Speaker
Description
Cosmic ray muons are created by high energy primary cosmic radiations, mostly made of protons when striking the Earth's atmosphere. Besides the common use of secondary cosmic rays in nuclear and elementary particle physics for detector testing and calibration and for the alignment of detectors in the very complex apparata used in this field, cosmic muons have also been considered since several decades as a powerful probe to many applications in physics and engineering fields. Muons are highly penetrating in matter and their average energy is sufficient to penetrate even hundreds meters of rock. Thanks to this peculiarity, cosmic muons are used for muography of volcanoes and for absorption radiography of possible hidden rooms inside large structures, such as Pyramids. Muon scattering is also used for the detection of high-Z illicit nuclear materials inside containers.
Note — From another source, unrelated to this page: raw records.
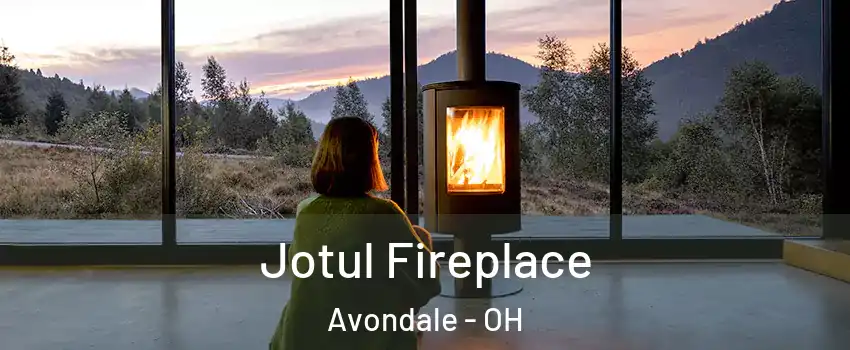 Jotul Fireplace Avondale - OH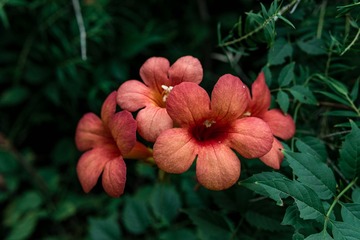 F0375C53-D612-4ED7-8958-20C33D1BB55E/L0/001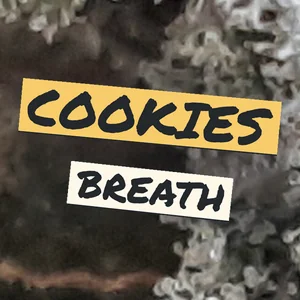 Cookies Breath Cannabis Strain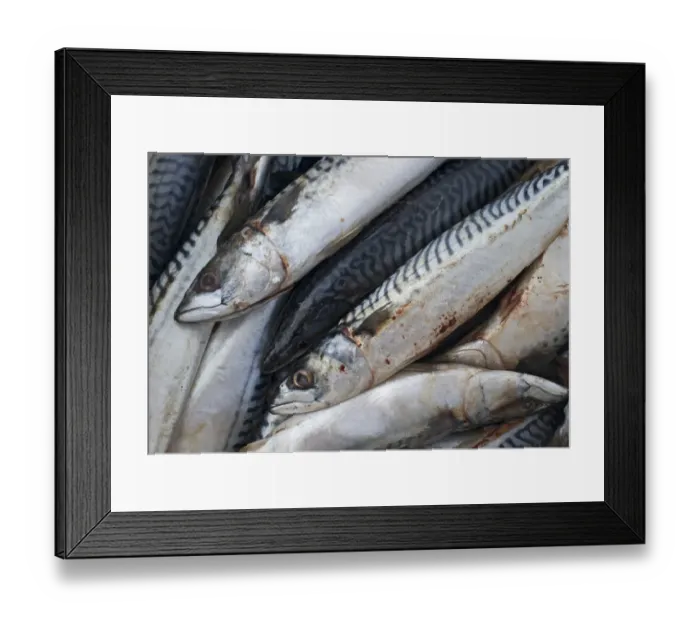 Framed Print : Mackerel at market Shetland June Framed Print : Mackerel at market Shetland June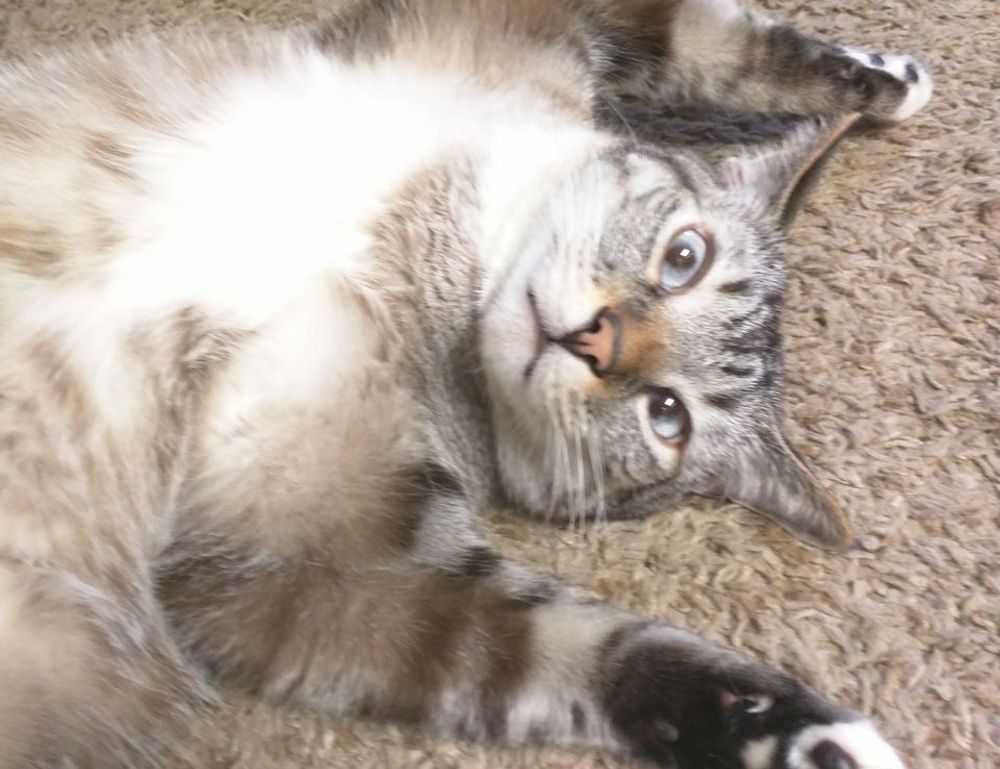 how to fix bug on evebiohaztech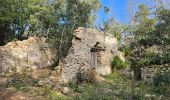 Tour Wandern Méounes-lès-Montrieux - Gouffre de Signoret - Méounes - Photo 1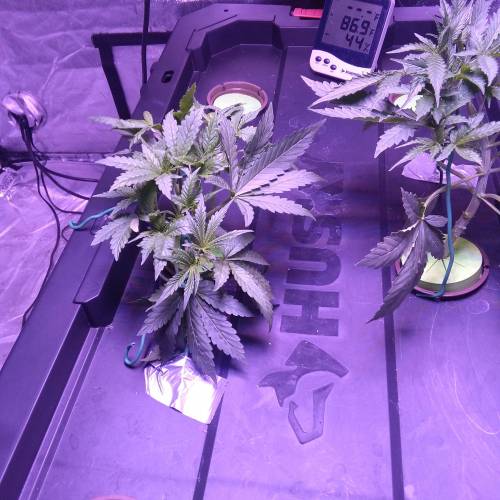 Blueberry Bookies. Week 3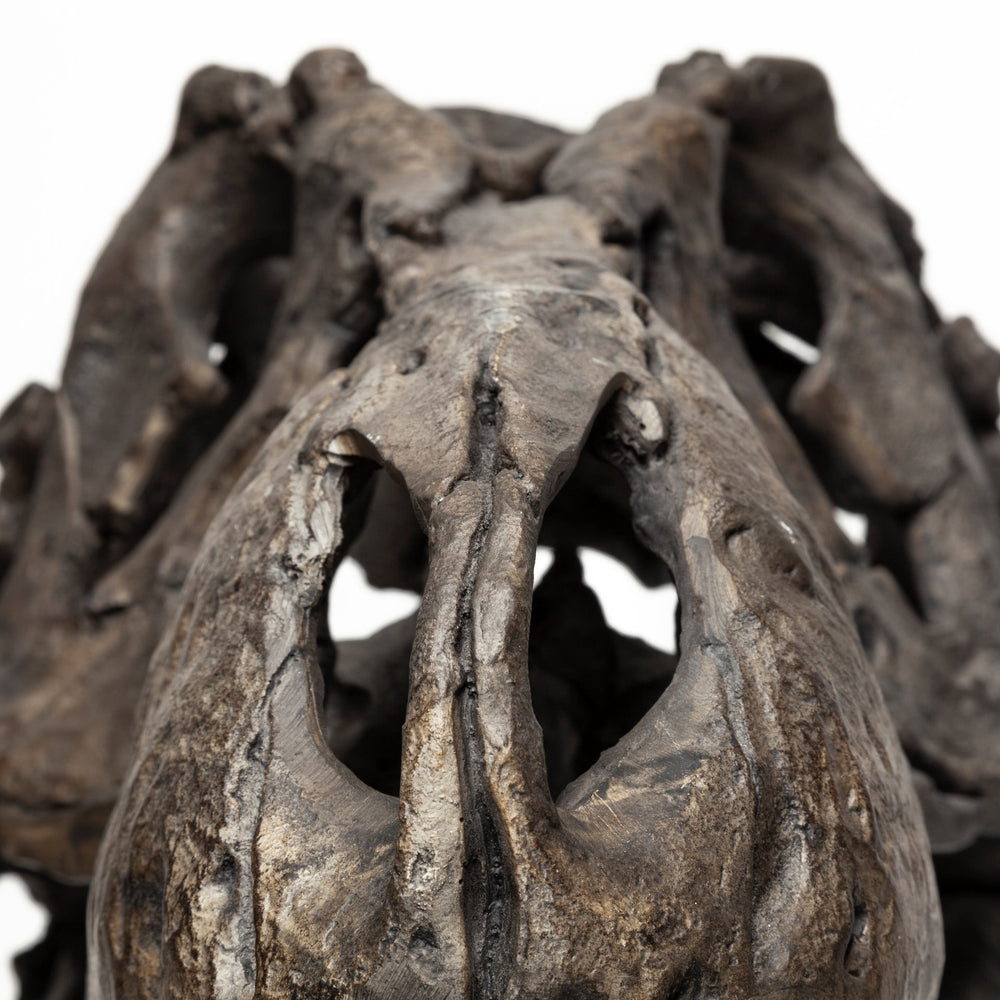 Jurassic Object
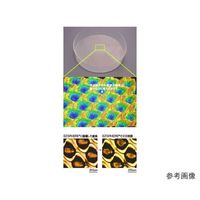 EZSPHERE(R) SP(スフェロイド形成培養用容器)ディッシュ60mm 1箱(10枚入) 4010-900SP 1箱(10枚)（直送品）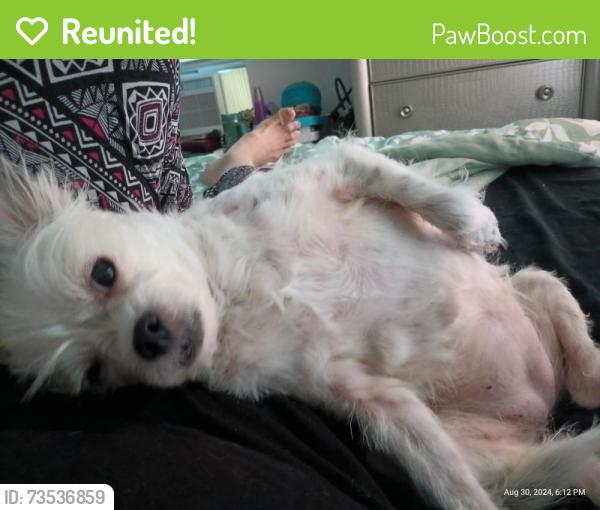 Reunited Female Dog last seen Near blvd, Tulsa, OK 74106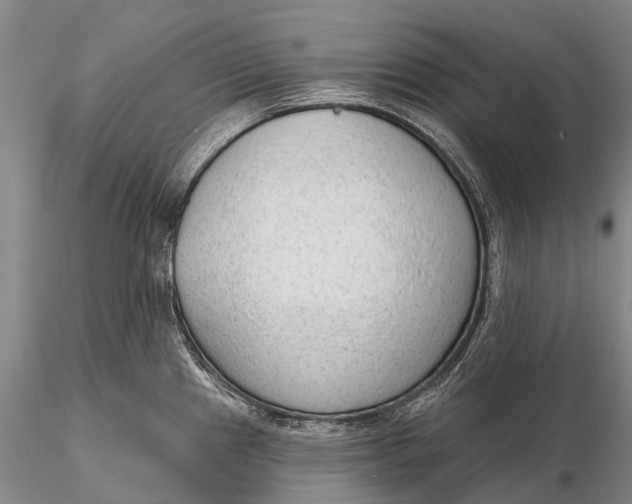 X0000115611241200912011543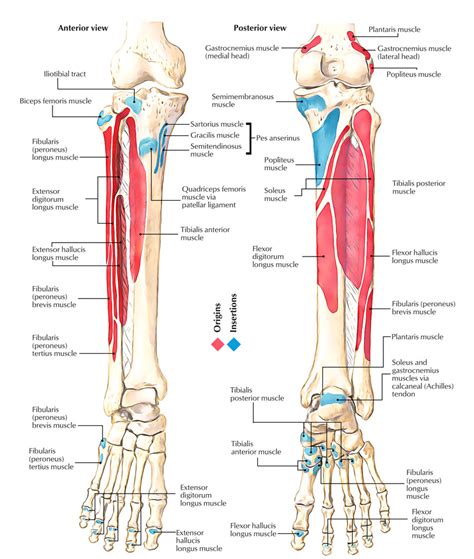 Muscles Of Tibia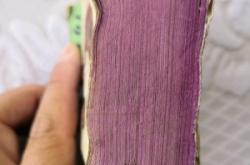 赤峰棕墊子廠電話號碼多少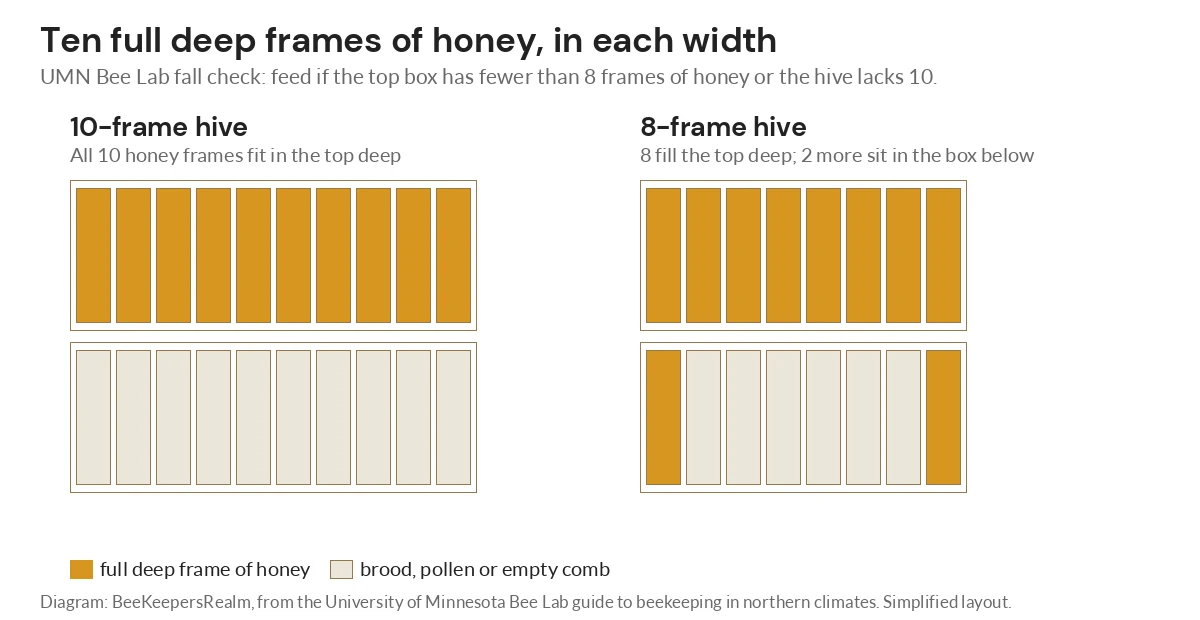 Diagram showing ten full deep frames of honey stored in a 10-frame hive versus spread over two 8-frame boxes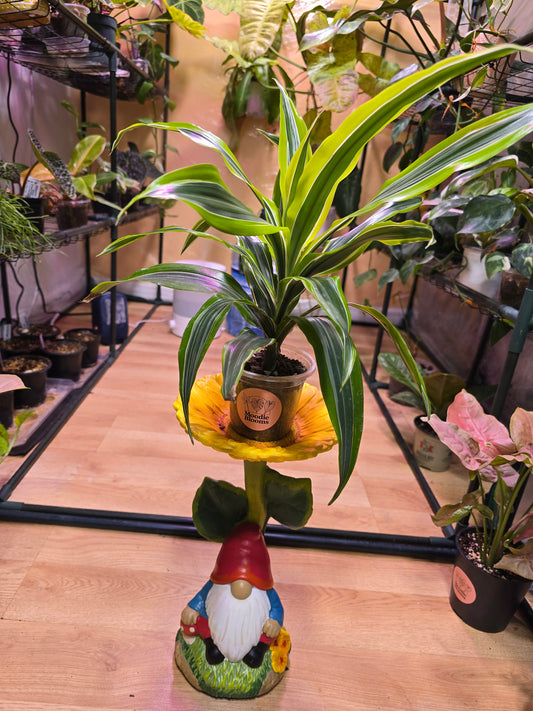 Dracaena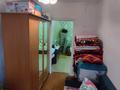 Отдельный дом · 3 комнаты · 60 м² · 3.3 сот., Ногобая 20 за 9 млн ₸ в Усть-Каменогорске — фото 19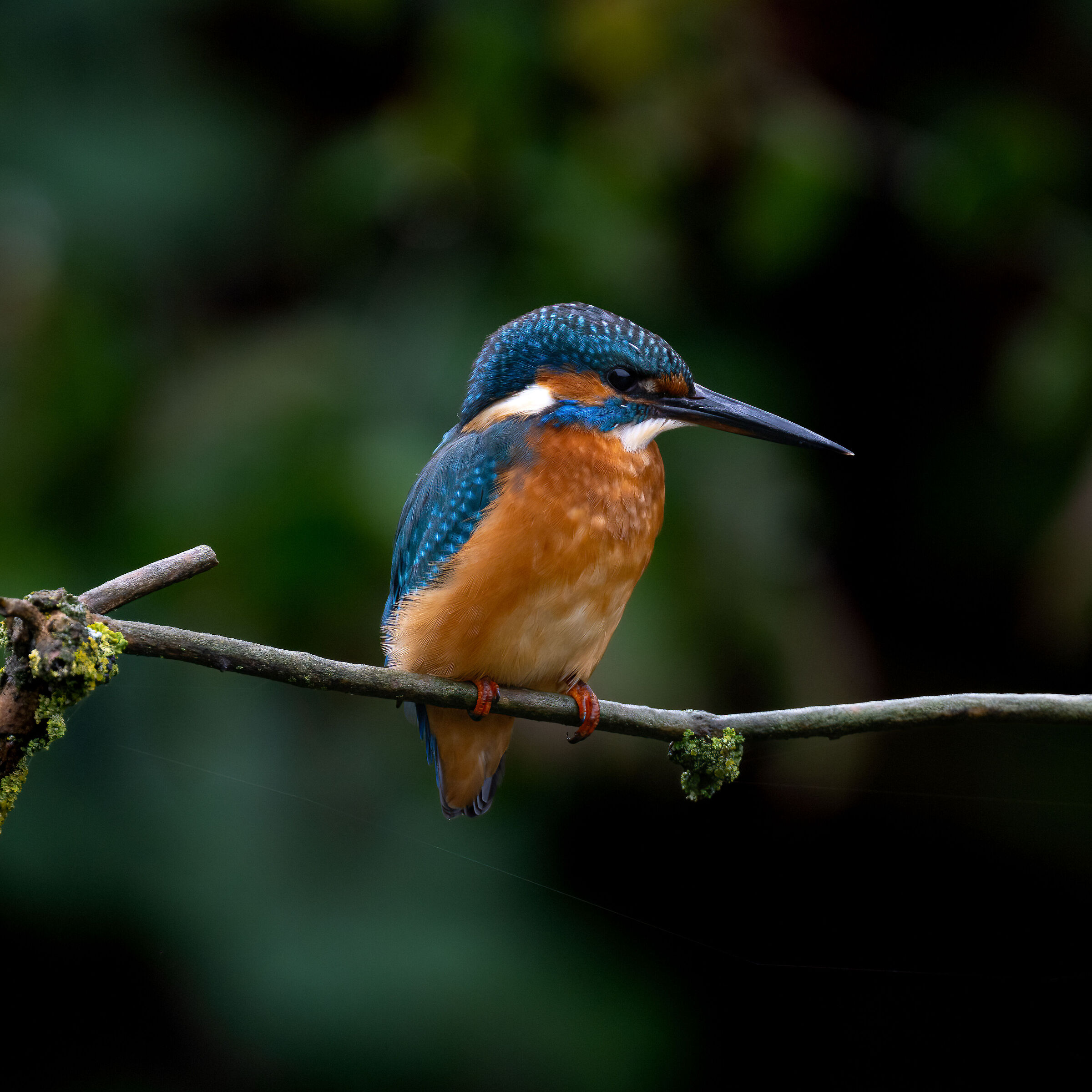 Martin Pescatore - Kingfisher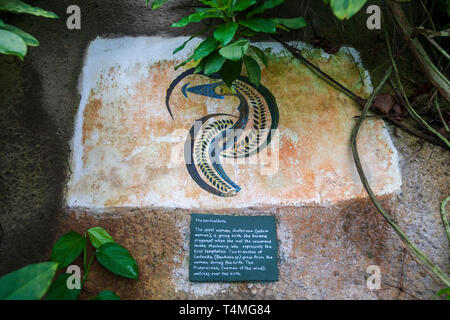 Wandmalereien im Innern des Rainforest Biome im Eden Project, Cornwall, England Stockfoto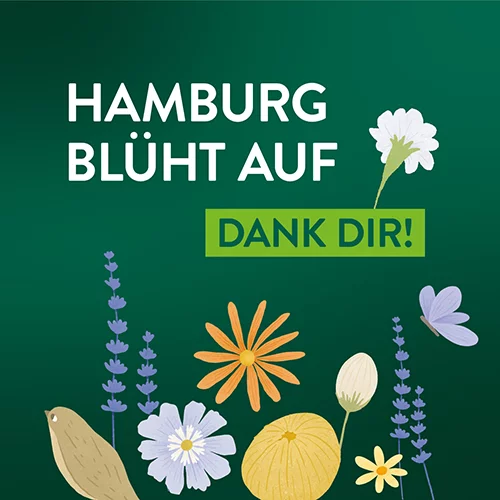 Hamburg blüht auf 2022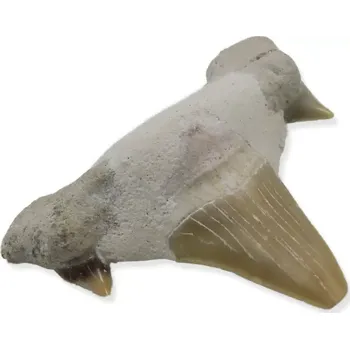 Fosilie Žraločí zub č. 1b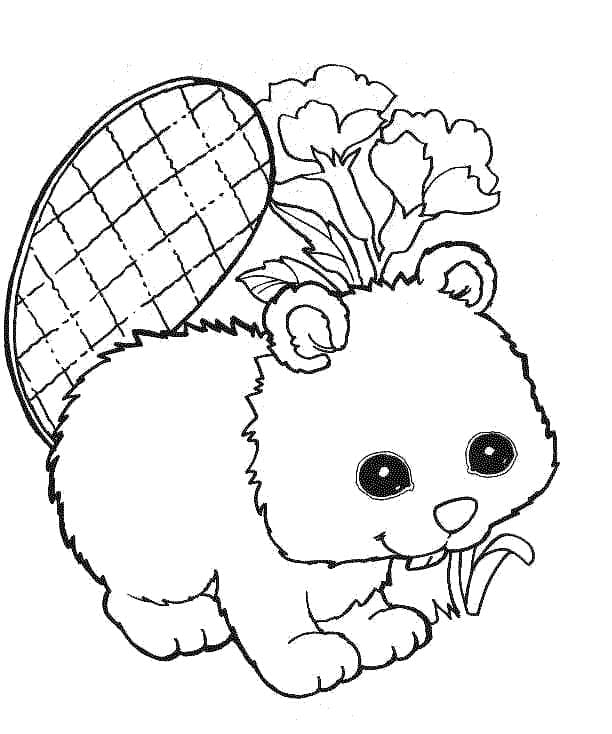 Utskriftbar Bever fargelegging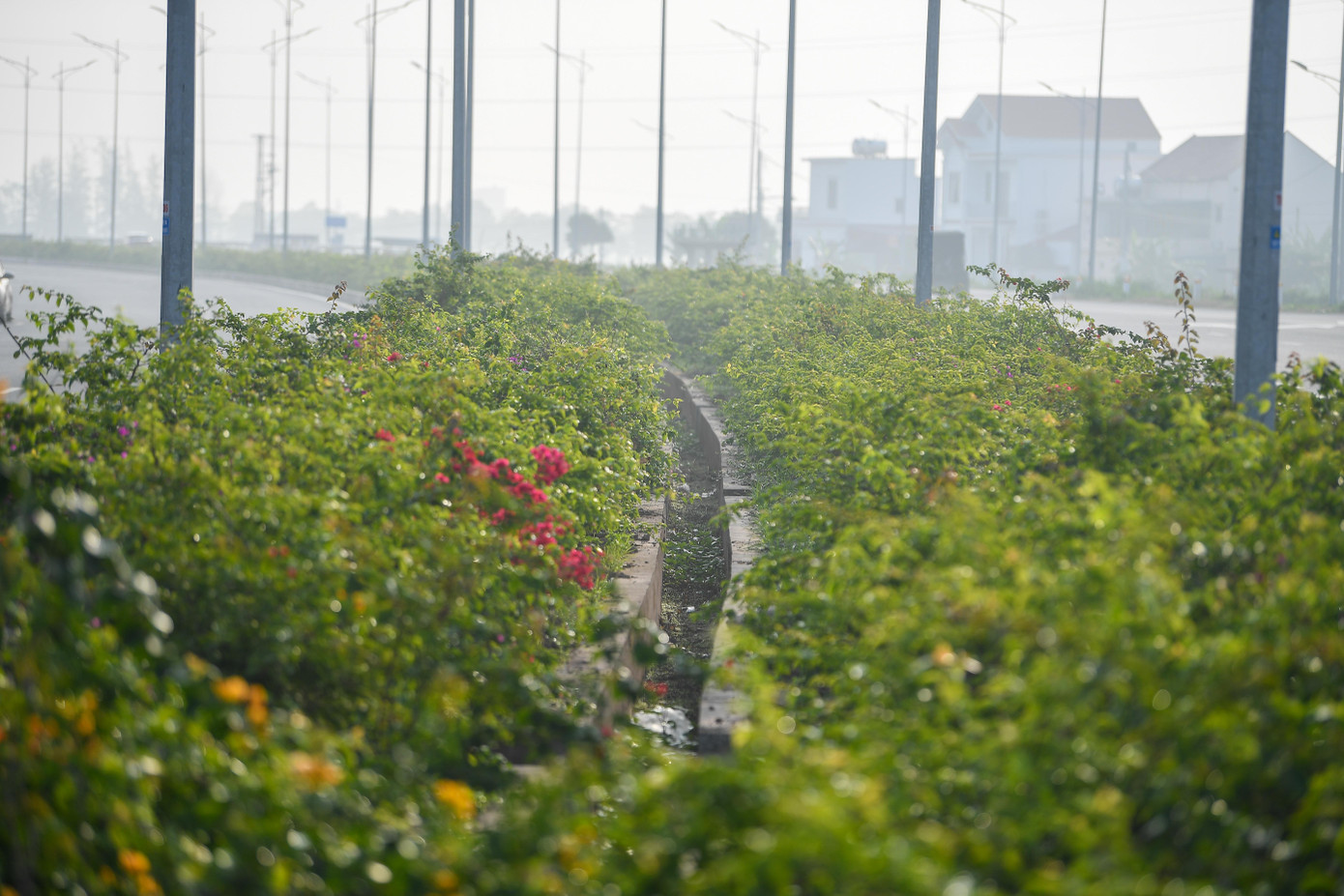Dự &aacute;n giao th&ocirc;ng Ninh B&igrave;nh 6 . 000 Tỷ kết nối v&ugrave;ng ven biển v&agrave; ph&aacute;t triển kinh tế - Ảnh 4.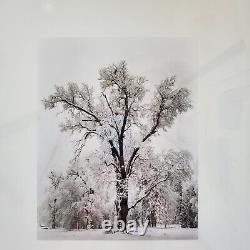 Édition spéciale de l'orage de neige du chêne de Yosemite d'Ansel Adams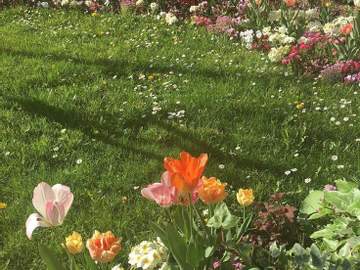 [사쿠아츠 장편] 백일의 황후님_09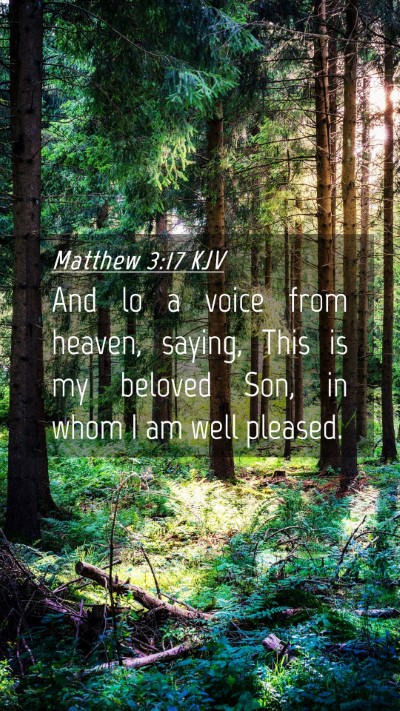 Picture 04 - Matthew 3:17 KJV Mobile Phone Wallpaper - And lo a voice from heaven, saying, This is my - Mobile Bible Verse Wallpaper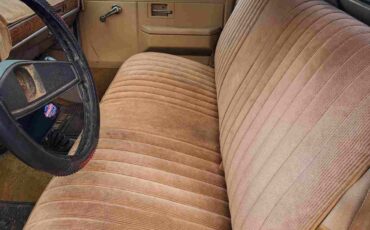 Chevrolet-K-20-1976-6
This contribution discusses the possibility to employ the Multigap Resistive Plate Chambers (MRPC) of the Extreme Energy Events (EEE) Project as muon tracking detectors to monitor the long-term stability of civil buildings and structures when used in conjunction with additional detectors. The high detection efficiency and the excellent tracking capabilities of the EEE MRPC chambers make them an optimal choice for such application. The performance of such setup is discussed and experimental results from first coincidence measurements obtained with one of the EEE telescopes operated in the same building with an additional scintillator detector, at about 15 m vertical distance from it, are presented. Simple Monte Carlo and GEANT simulations were also carried out to evaluate typical acceptance values for the operating conditions employed so far, to extrapolate to other geometrical configurations, and to evaluate multiple scattering effects.